→ Record extracts:
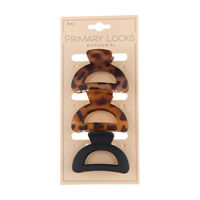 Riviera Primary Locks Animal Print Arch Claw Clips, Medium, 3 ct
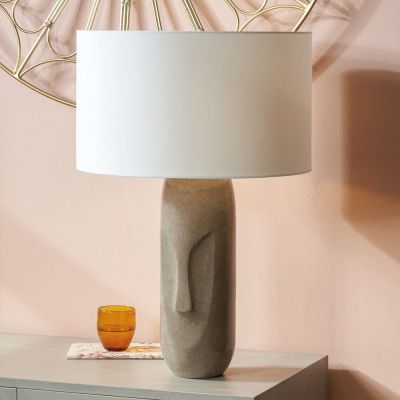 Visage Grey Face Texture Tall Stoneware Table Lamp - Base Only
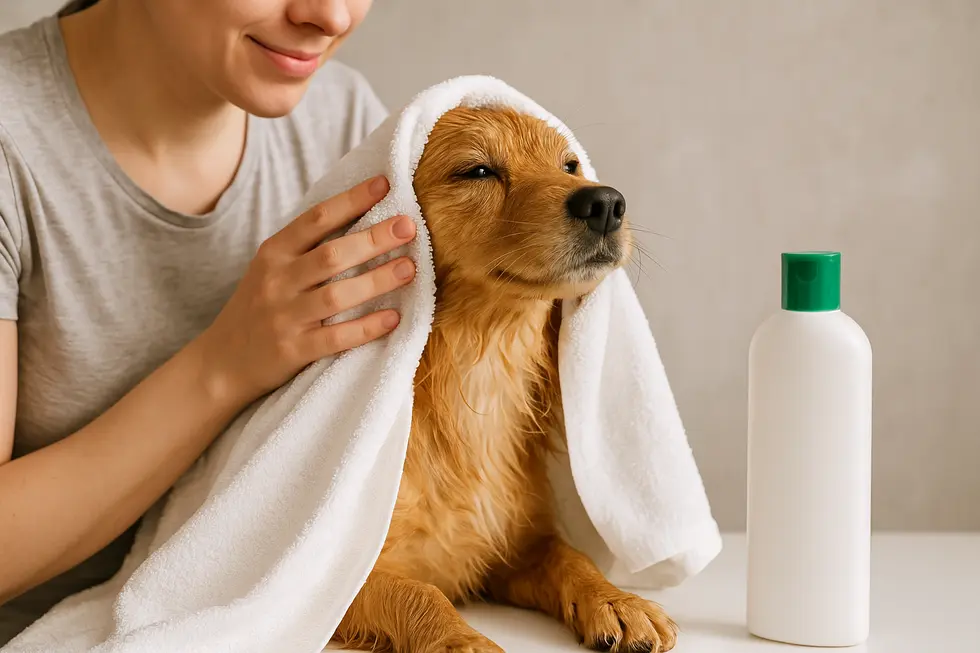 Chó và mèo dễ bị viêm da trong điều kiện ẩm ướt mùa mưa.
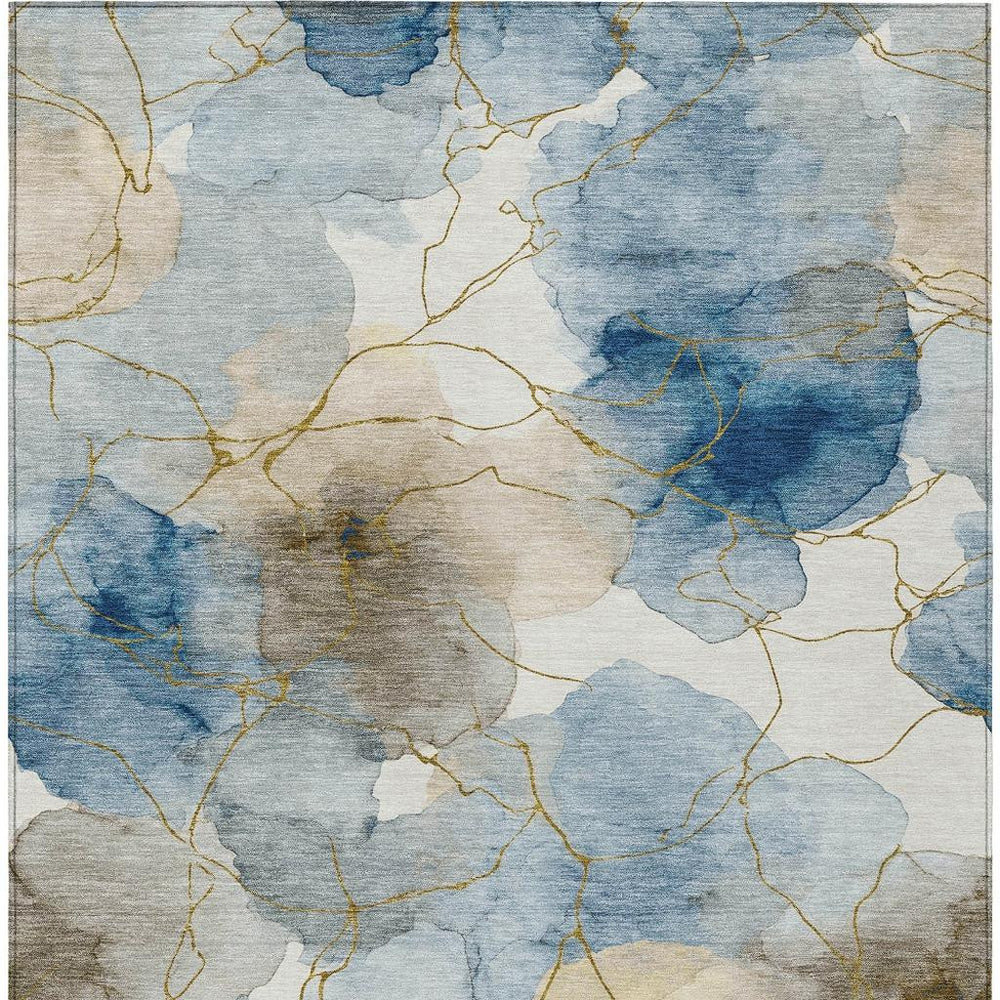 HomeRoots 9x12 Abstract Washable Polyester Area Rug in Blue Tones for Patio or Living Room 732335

* * *

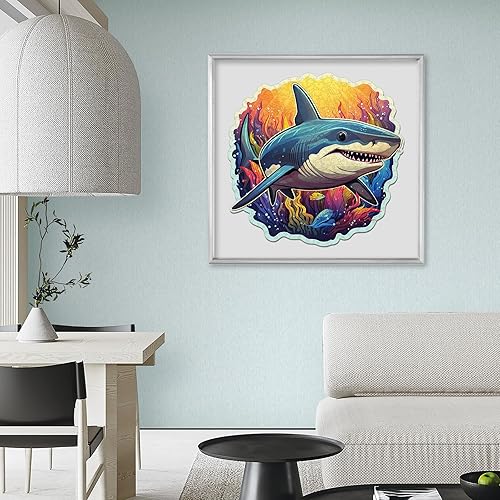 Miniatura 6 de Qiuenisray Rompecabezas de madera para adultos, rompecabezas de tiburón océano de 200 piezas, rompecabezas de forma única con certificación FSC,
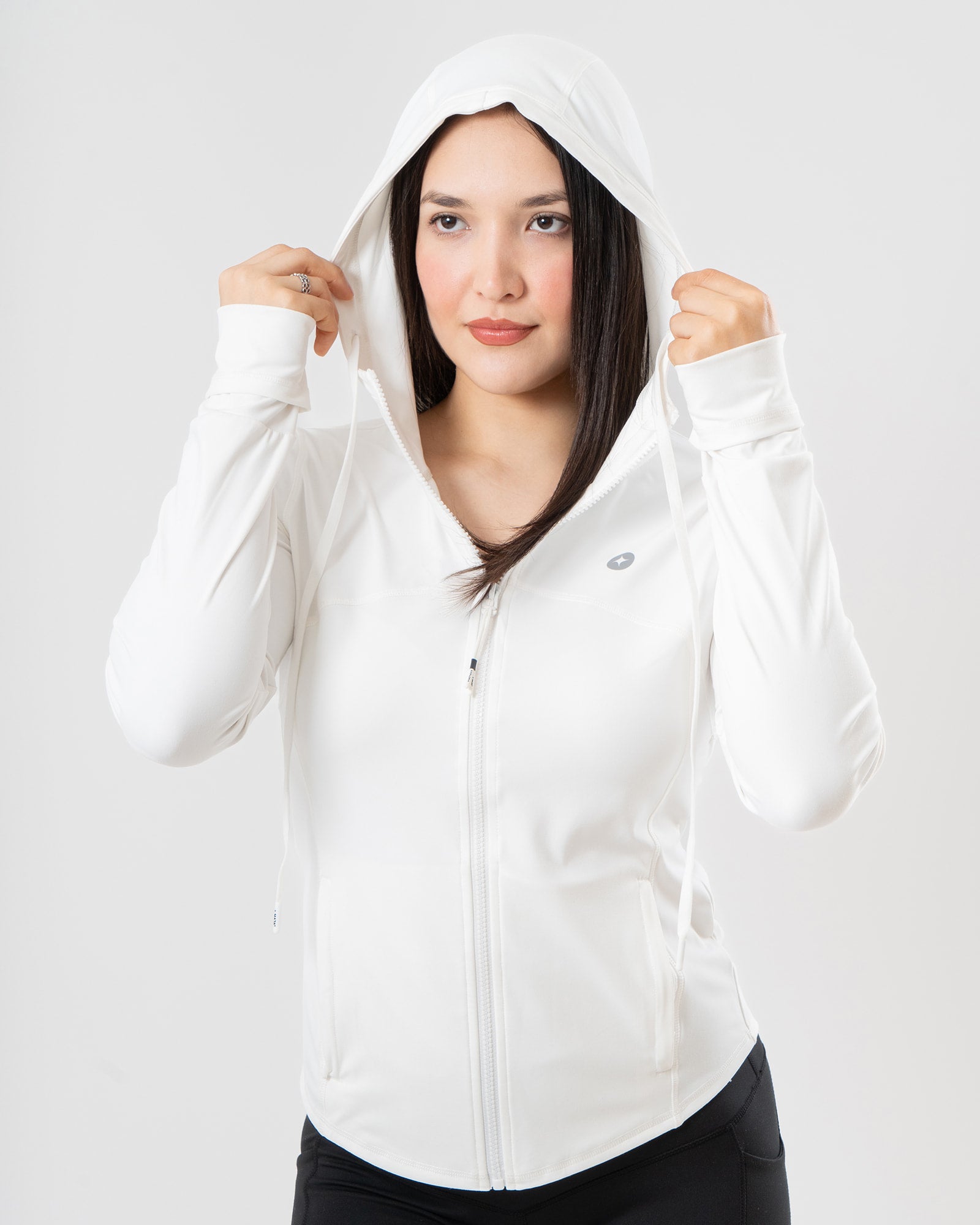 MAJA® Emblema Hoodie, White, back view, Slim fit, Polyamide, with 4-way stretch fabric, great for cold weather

→ Problem to solve: Look above for the line with "Visage Grey Face" and the line with "HomeRoots 9x12 Abstract". Output those two and everything between them exactly, pictures excluded.

→ Answer to the exercise:
 Visage Grey Face Texture Tall Stoneware Table Lamp - Base Only
 Chó và mèo dễ bị viêm da trong điều kiện ẩm ướt mùa mưa.
 HomeRoots 9x12 Abstract Washable Polyester Area Rug in Blue Tones for Patio or Living Room 732335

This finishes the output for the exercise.